Firstly, I need to mention that grandparents are wonderful, and I’m incredibly lucky to have my parents and in-laws look after my kids regularly. Thankfully, they’re great around food as they know how important it is to me. However, I do get parents coming to me worried about what the grandparents are feeding their little ones when they’re in their care. Some parents/carers have said their parents/in laws don’t understand or respect their ideals and routines around food. Many have said grandparents are horrified the little ones aren’t allowed chocolate and sweets. Or even that allergy needs/dietary preferences are being ignored or disregarded.
Then on the other end of the spectrum, some grandparents are anxious about offering any foods at all. This can be really tough on families, as lots of people in our society now rely on family for childcare. This can cause issues between family members and make for awkward conversations.
So, what can you do?
Well, obviously I don’t have all the answers to this as every family and situation is unique. It can really vary depending on your family dynamics and relationships. Here are some of my top tips to broach the subject of food with grandparents (or other family/friends who help with childcare)…
Remember it’s not all the time
Firstly, you’re definitely not alone. The worry of what little ones are being fed when they are outside of your care is something that a lot of people struggle with. But it’s also good to remember that the odd chocolate, sweet, ice cream isn’t going to be detrimental to your little one’s health. It only may become a concern IF it becomes a very regular thing.
Therefore, the odd holiday or day trip with Grandma isn’t going to be a problem and might even help teach kids a little more about “balance” too. If, however, Grandparents become more than just a ‘once in a while’ babysitter, it can get a little tougher for parents!
Often the best approach is being very honest, open and clear about your own feeding routine; which foods you feel are and aren’t appropriate for your baby/toddler.
Bring the conversation up early, so it’s not something that is sprung upon them on their first day babysitting. Involve them in mealtimes when you’re all together at other times, having them see first-hand what and how you feed your children can help them get to grips with it.
Talk to them about “new research” and new methods of feeding baby such as Veg Led Weaning or Baby Led Weaning. Explain how lots has changed since they were parents due to there being such a wealth of research in this area.
Giving clear instructions can help nervous grandparents have something to go by, so you could try writing it down/drawing out routines etc. I know this actually helped with my very organised parents in the early days.
Share info that you read online, via my page or via NHS pages about Child Nutrition & current recommendations. It might help them to hear it coming from someone else and not just you. It can also take the pressure off you a bit, so you can say “NHS guidelines say X”, as an example.
Having print outs or handouts can help too. I have some of these on my website and am adding to them all the time. I also have my book How to Wean Your Baby, which might also help to provide some confirmation from a Registered Nutritionist. It could help to share this so that grandparents can understand the process that you’re going on and a little bit about why early years nutrition really matters. Leaflets that you receive from the GP/HV/Midwife/Nursery can also be handy to pass on too, as a way of explaining the ‘why’. This way they can absorb the information in their own time as well, instead of in one conversation.
Food from home
Try sending them off with a packed lunch or food you made from home. Often this can save you stress and worry and it can help them out too. It also sets an example of the kinds of food they would normally have at home. It’s not always practical, but it can work really well for some families. I started doing this with my mother-in-law, but she loved the food I made. She has even asked for recipes and started making them for them both to share, which was such a win for me!

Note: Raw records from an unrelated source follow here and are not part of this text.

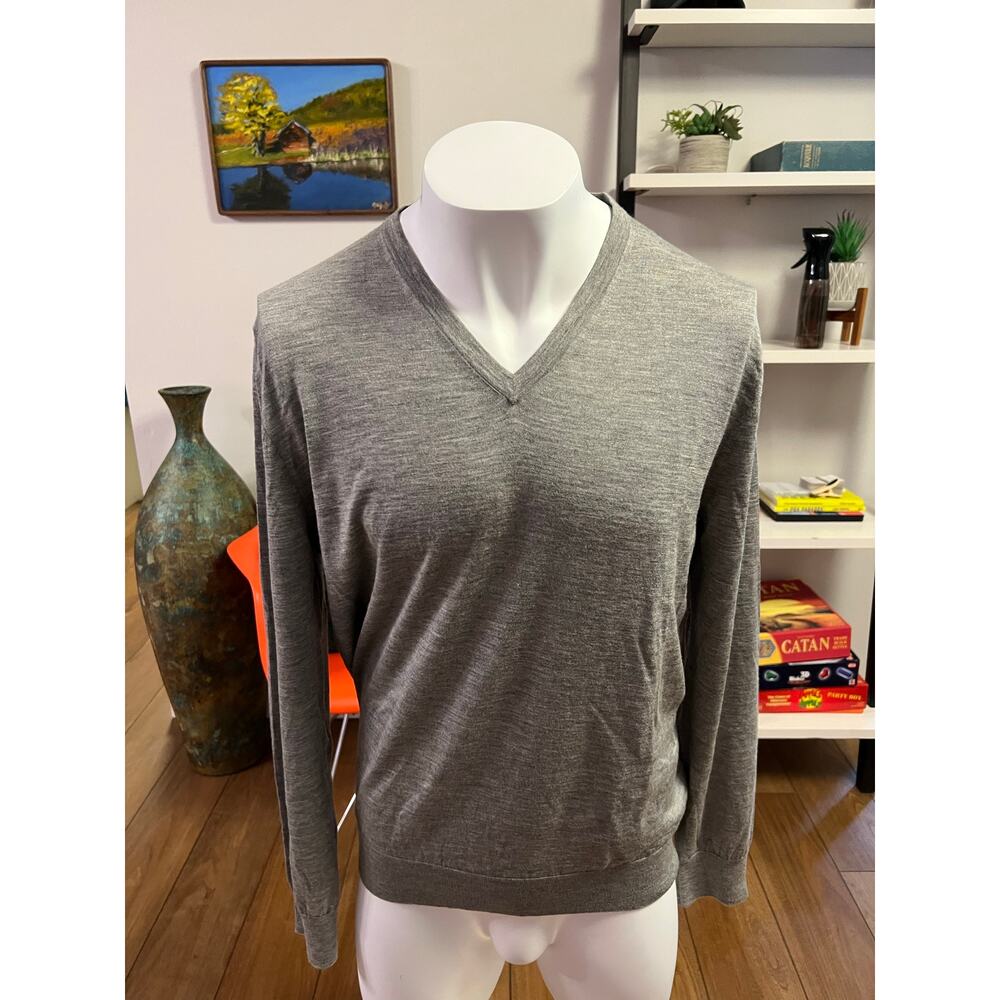 Zegna Cashmere/Silk V-Neck Pullover Sweater in Light Grey - Size 56/XXL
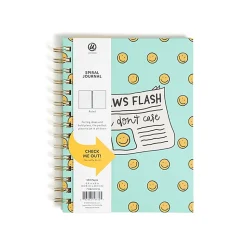 U BrandsĀ® Spiral Journal, 6" x 8", News Flash Design, Total Qty 1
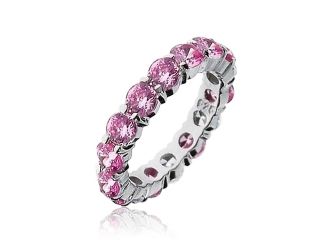 Bling Jewelry Sterling Silver Pink CZ Stackable Eternity Ring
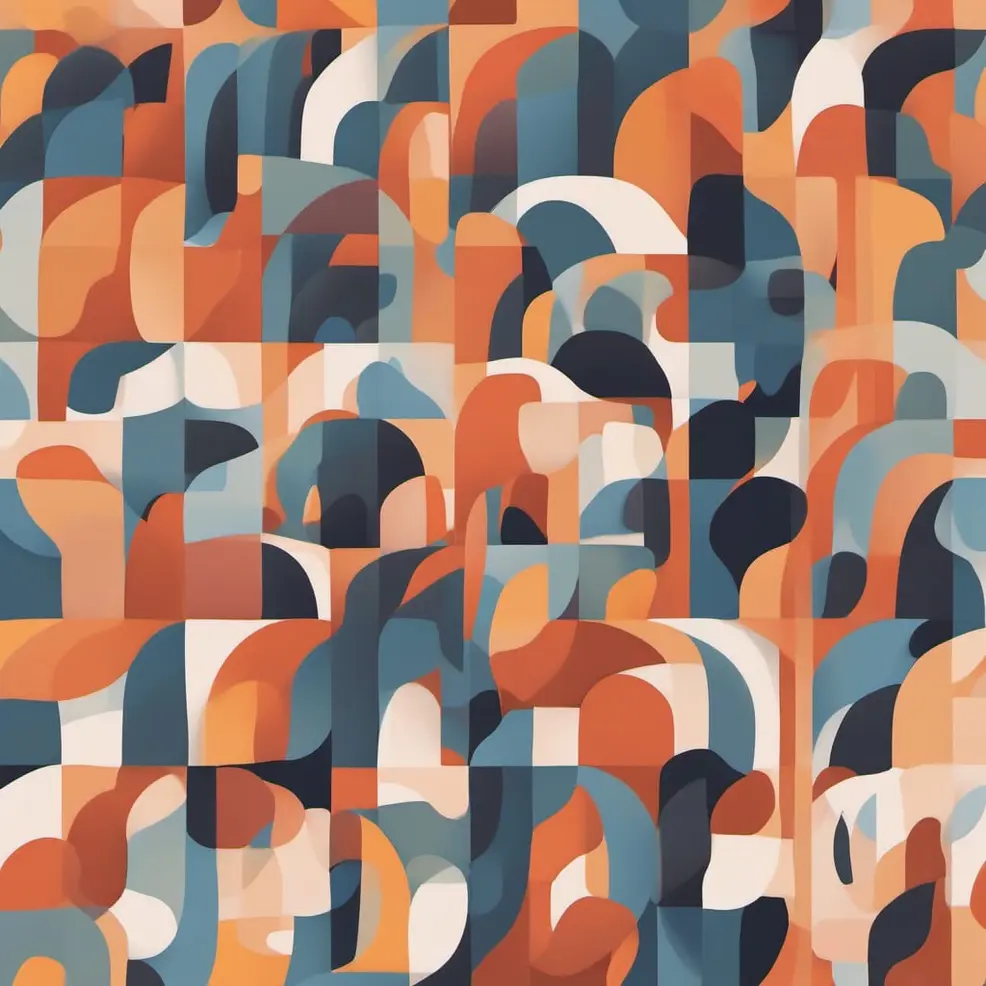 An abstract pattern of overlapping rounded rectangles in orange, blue, white, and dark grey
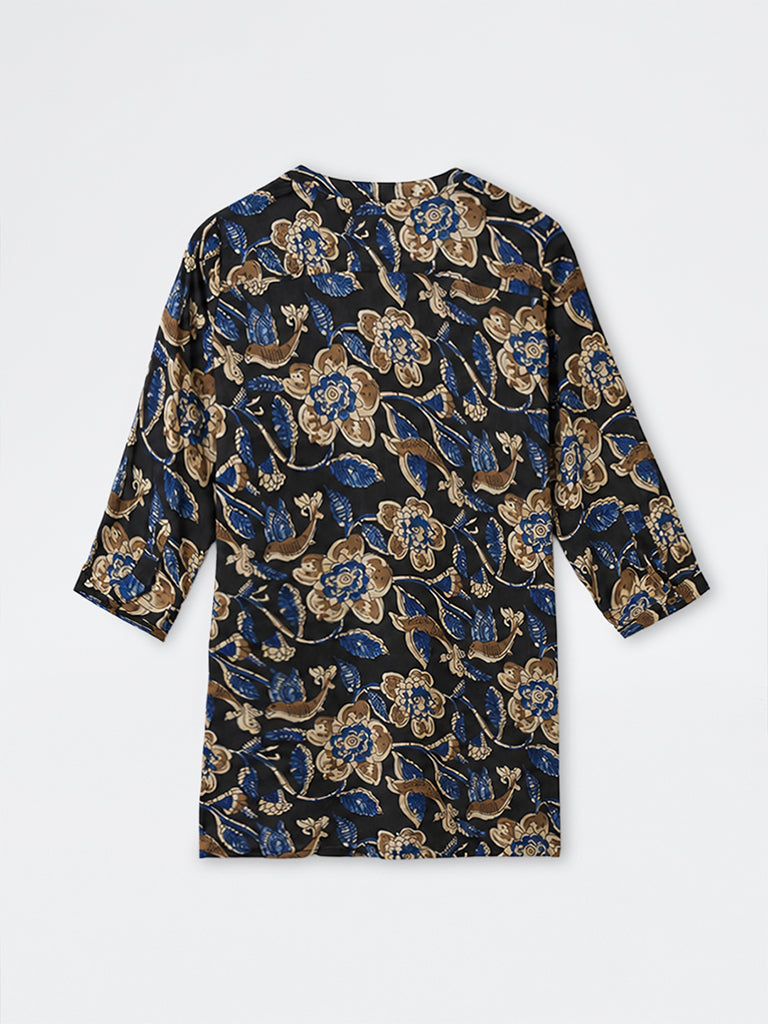 Diza Black Floral Pattern Tunic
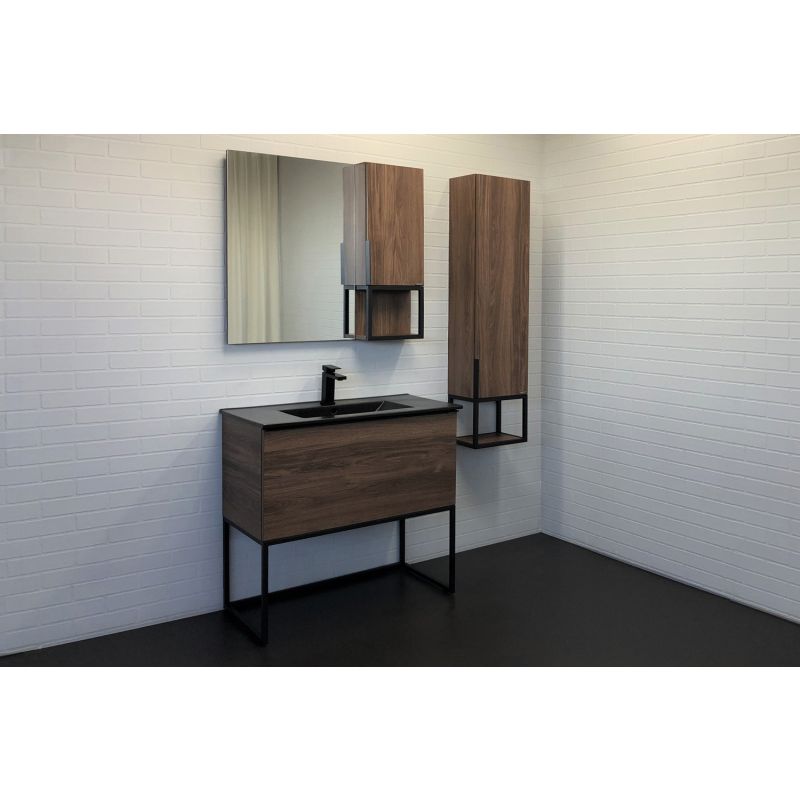 Шкаф пенал Comforty "Равенна Лофт-35" 00-00006913 дуб темно-коричневый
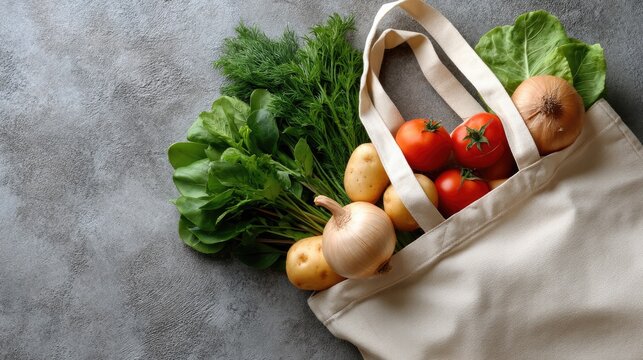 Fresh veggies like leafy greens, garlic, and potatoes are neatly packed in a reusable bag, promoting healthy living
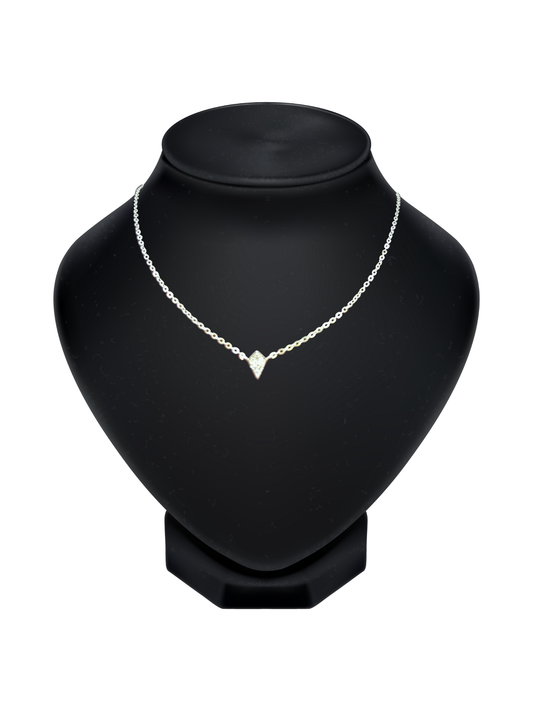 Sterling silver necklace with a diamond shape charm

Sometimes including the foods or suggesting the foods you KNOW your little ones love can help too as Grandparents are likely to get pleasure out of seeing your little one enjoy their foods. Focusing on the more balanced options that they love might be all they need.
If grandparents do insist on giving certain foods to toddlers, suggest that they only do so at certain times of the day. Then you can adjust their meals at home accordingly that day/week.
Lastly, just a big shout out to all the parents/in-laws/grandparents out there who are helping with childcare. I genuinely think EVERY DAY about how lucky I am to have my parents and in-laws and wonder how I’d cope without them!
Let me know if any of these work for you and if you have any tips to add, I’d love to hear them!